───── The records ─────
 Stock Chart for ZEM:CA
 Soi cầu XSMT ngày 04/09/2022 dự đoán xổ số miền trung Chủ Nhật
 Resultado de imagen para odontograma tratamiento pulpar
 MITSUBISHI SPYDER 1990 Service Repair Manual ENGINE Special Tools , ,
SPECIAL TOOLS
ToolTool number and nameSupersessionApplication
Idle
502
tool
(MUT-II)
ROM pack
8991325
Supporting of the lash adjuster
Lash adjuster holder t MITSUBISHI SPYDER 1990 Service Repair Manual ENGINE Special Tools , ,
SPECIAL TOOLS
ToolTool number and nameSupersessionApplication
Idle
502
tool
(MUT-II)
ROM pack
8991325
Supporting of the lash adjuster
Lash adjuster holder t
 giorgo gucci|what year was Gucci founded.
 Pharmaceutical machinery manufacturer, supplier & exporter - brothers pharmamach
─────
§ **What to work on**: Write the material out again word for word.

§ **Result**:
 Stock Chart for ZEM:CA
 Soi cầu XSMT ngày 04/09/2022 dự đoán xổ số miền trung Chủ Nhật
 Resultado de imagen para odontograma tratamiento pulpar
 MITSUBISHI SPYDER 1990 Service Repair Manual ENGINE Special Tools , ,
SPECIAL TOOLS
ToolTool number and nameSupersessionApplication
Idle
502
tool
(MUT-II)
ROM pack
8991325
Supporting of the lash adjuster
Lash adjuster holder t MITSUBISHI SPYDER 1990 Service Repair Manual ENGINE Special Tools , ,
SPECIAL TOOLS
ToolTool number and nameSupersessionApplication
Idle
502
tool
(MUT-II)
ROM pack
8991325
Supporting of the lash adjuster
Lash adjuster holder t
 giorgo gucci|what year was Gucci founded.
 Pharmaceutical machinery manufacturer, supplier & exporter - brothers pharmamach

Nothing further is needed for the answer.